SpaceX announced in a long letter yesterday that while their latest experimental rocket has been ready to fly for over a month, the FAA has informed them they probably won’t receive a license to fly until late November. SpaceX says this delay will “severely impact their expected schedule.” Interestingly, the previous flight went off without an issue meaning there seems to be no reason for requiring a new license.
Regulation has long been a touchy issue for me. I of course understand things like preventing companies from dumping chemicals into water, but today’s regulations go so far beyond that to the point of absurdity and stemming innovation.
Look at AI and its fast pace. One of the primary reasons it’s moving so quickly is because there is so little regulation around it. It is a certainty that the more regulation around a given sector or product, the less innovation it has and the more expensive it will be. Essentially, regulation is a hidden tax on everything we use and purchase.

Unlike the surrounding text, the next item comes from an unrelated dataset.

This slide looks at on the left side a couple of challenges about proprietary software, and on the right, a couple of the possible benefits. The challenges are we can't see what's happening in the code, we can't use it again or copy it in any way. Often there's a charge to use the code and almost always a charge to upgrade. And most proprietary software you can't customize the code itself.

My personal favorite example is nuclear power. Even many environmentalists would like to build new nuclear power plants. France has the cleanest air in the world because they generate most of their electricity with nuclear. China is building hundreds of nuclear power plants. AI will require thousands of megawatts of new power that no other source can provide.
But the extreme regulation around nuclear makes it both extremely time consuming and prohibitively expensive. Most of these regulations were passed decades ago before modern nuclear reactor designs significantly reduced risk. In fact, including Chernobyl, Three Mile Island, and Fukushima, nuclear actually has the lowest deaths per megawatt of power generated, even lower than solar and wind since a few installers are killed each year deploying both. Yet despite its excellent safety record, the US government puts so much red tape in front of building a new plant so drastically increasing the cost that we have resorted to keeping old plants operating long after their original decommissioning date. The effect is decreased safety and significantly more expensive electricity, as most of us can attest with our bills.

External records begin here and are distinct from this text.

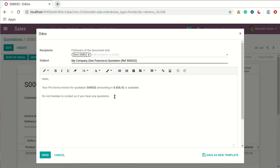Odoo has already defined one predefined template as a pro forma invoice, and Odoo will automatically select the customer. When the outgoing mail server is configured and working correctly, we can send this pro forma invoice to the respective customers. Thank you for watching.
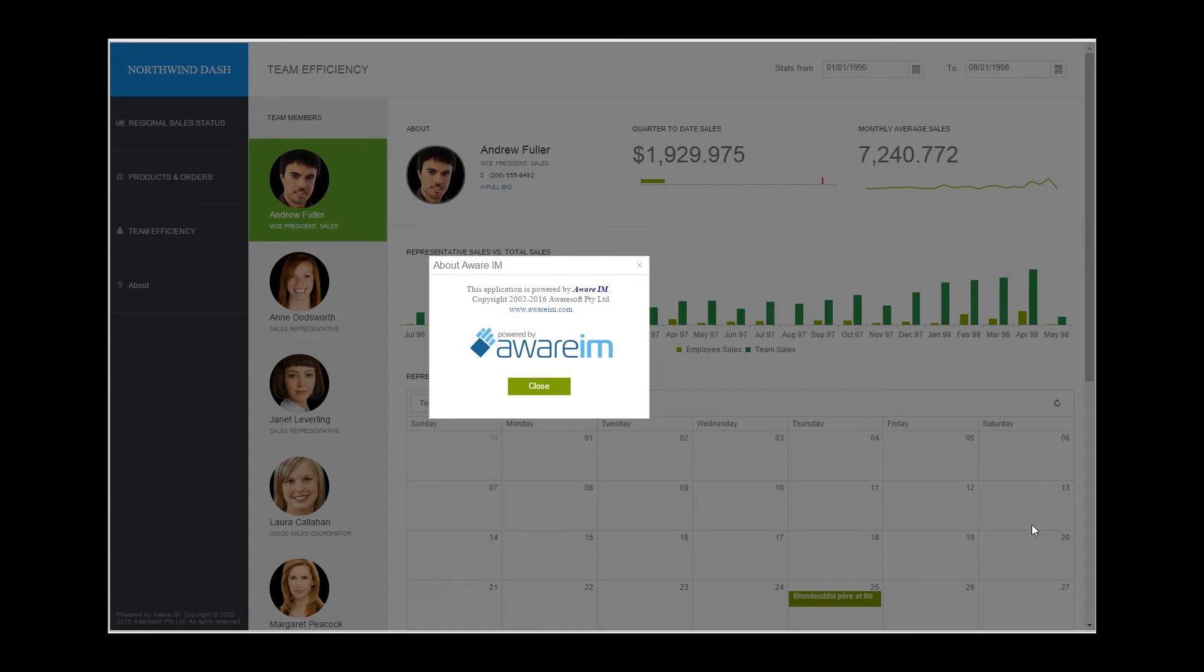In this video tutorial, I will explain how to make Aware.i.am applications responsive, so that they look good on screens of different sizes.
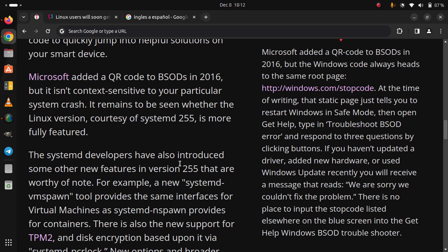Microsoft added a QR code to BSOD in 2016, but it isn't context sensitive to your particular system crash. It remains to be seen whether the Linux version, courtesy of SystemD 255, is more fully featured.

In fact, Peter Thiel’s Founder’s Fund mentions an interesting concept about energy in its manifesto. For society to flourish, the cost of energy production needs to continuously go down since consumption dramatically increases with technological innovation. Yet since the 1970s, the cost of power has consistently risen at an unsustainable rate. Why? Well, regulation. And we all pay for it.
Housing is another good example. I have spoken to several developers who have told me the reason so little new housing built in comparison to, say, the 2000s is directly related to increased costs of regulation. A significant portion of our ever more expensive housing and shortage can be explained by over regulation.
I am a huge fan of the proposal that Elon Musk get involved auditing the federal government for waste and unnecessary regulations. The bureaucracy has continued to grow to serve the growing bureaucracy and has ventured into the territory of the asinine. Governmental regulation and bureaucracy should not hinder innovation, technological advancement, and the building of necessary infrastructure, all of which it constantly does today.
It’s time to simplify the codes as much as possible so that our economy and new innovations can thrive.